(Crawled caption data)
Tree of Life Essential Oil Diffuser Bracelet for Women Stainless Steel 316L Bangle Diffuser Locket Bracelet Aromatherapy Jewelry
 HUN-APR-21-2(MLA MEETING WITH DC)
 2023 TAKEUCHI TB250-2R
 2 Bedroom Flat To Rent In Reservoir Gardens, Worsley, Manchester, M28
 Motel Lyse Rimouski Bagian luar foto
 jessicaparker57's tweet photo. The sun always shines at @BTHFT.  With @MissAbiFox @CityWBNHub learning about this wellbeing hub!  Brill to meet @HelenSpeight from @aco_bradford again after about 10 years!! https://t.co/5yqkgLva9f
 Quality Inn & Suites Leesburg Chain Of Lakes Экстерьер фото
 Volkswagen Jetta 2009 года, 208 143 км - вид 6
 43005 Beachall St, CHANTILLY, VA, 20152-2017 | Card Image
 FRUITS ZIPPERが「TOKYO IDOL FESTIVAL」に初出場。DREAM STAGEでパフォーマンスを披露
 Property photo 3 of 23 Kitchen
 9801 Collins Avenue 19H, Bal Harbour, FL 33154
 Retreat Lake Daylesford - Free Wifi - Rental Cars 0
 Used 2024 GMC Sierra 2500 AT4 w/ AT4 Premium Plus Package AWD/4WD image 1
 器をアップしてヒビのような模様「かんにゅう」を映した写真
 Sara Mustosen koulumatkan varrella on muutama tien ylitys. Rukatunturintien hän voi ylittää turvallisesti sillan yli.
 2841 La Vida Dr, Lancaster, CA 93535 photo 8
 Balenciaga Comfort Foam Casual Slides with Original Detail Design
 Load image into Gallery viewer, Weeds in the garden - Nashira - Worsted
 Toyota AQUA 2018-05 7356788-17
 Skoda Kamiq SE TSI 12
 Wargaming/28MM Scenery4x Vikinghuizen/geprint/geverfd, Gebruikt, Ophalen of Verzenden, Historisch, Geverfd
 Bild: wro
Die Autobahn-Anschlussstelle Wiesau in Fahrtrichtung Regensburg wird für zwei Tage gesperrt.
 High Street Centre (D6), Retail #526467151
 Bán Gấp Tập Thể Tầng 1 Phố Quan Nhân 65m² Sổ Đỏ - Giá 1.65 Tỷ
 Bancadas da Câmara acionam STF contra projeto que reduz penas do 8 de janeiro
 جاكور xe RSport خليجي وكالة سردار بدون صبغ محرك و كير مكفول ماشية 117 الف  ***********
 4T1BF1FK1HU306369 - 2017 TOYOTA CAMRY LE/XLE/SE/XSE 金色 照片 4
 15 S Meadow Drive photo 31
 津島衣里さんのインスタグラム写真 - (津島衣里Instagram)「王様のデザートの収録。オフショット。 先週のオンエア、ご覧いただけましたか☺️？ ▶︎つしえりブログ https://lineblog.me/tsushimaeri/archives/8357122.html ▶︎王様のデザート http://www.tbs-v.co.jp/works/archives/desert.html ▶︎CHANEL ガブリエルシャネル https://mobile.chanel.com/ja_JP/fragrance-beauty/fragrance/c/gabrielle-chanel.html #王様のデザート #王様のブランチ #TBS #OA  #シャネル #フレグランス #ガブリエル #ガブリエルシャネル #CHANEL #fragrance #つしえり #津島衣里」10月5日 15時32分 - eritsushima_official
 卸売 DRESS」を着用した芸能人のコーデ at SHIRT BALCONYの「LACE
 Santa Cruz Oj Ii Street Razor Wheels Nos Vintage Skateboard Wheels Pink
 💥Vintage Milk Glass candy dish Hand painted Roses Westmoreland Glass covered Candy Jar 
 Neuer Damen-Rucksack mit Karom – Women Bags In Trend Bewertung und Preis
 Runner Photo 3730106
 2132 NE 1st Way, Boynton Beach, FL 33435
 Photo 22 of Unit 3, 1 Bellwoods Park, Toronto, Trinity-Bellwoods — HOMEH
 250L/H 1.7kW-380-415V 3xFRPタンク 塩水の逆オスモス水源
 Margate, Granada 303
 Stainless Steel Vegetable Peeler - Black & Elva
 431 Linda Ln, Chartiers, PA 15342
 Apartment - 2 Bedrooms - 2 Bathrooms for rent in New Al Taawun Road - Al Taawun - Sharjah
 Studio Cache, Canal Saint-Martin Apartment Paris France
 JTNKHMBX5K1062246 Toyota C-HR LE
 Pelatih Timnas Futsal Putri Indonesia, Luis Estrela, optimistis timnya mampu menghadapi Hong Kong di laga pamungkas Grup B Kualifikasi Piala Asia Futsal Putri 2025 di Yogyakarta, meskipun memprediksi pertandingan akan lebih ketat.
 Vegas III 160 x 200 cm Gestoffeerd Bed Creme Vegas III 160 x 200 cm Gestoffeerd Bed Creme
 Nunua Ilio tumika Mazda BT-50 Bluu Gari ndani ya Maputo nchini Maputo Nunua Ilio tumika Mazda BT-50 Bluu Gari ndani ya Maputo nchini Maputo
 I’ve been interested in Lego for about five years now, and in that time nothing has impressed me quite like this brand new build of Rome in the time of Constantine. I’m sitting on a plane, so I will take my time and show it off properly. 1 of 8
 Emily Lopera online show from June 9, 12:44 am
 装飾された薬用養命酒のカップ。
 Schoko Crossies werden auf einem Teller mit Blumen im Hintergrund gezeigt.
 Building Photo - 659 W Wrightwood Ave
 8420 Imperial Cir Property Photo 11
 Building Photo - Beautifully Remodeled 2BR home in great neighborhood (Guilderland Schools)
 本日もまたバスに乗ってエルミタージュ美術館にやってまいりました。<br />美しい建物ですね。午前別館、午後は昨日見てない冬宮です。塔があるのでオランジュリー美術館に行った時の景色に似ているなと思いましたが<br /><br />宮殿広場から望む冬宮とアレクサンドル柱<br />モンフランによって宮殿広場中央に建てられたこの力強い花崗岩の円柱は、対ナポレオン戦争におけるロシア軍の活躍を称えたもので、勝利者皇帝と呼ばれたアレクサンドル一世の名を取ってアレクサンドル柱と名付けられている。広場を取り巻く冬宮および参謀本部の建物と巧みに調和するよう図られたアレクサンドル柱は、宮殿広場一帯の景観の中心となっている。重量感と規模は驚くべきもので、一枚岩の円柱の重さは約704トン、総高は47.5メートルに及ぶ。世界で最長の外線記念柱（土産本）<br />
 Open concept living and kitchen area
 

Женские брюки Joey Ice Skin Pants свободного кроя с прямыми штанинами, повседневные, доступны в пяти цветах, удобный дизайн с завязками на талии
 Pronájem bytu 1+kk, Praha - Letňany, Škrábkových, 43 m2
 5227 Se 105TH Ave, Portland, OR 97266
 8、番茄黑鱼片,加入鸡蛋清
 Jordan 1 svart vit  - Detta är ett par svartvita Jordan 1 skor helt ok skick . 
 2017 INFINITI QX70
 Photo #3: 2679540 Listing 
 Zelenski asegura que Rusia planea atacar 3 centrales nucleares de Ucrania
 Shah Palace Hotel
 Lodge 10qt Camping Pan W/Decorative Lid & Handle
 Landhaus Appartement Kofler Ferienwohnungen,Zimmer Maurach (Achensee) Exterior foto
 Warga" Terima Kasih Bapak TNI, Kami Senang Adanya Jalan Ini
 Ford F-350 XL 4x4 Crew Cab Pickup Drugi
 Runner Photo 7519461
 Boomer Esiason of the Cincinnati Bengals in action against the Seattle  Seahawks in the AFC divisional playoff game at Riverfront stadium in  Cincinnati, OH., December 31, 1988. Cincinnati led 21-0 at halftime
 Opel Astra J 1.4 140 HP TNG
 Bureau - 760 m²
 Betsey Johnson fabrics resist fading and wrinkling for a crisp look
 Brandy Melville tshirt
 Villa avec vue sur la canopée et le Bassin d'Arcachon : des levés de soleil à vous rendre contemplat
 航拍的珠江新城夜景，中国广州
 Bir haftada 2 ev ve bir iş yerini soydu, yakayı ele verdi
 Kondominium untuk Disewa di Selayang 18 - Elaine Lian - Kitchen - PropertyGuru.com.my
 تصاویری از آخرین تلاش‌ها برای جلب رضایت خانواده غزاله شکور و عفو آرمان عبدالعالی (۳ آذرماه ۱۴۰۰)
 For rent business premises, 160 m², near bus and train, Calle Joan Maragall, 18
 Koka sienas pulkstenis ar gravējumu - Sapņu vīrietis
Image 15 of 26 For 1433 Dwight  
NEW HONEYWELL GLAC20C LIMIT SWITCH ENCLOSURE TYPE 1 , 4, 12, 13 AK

**EXERCISE DETAILS:** Would you retype exactly the lines above, from the line with "جاكور xe RSport" to the line with "15 S Meadow Drive photo 31", with both end lines kept and nothing more?

**YOUR SOLUTION:**
 جاكور xe RSport خليجي وكالة سردار بدون صبغ محرك و كير مكفول ماشية 117 الف  ***********
 4T1BF1FK1HU306369 - 2017 TOYOTA CAMRY LE/XLE/SE/XSE 金色 照片 4
 15 S Meadow Drive photo 31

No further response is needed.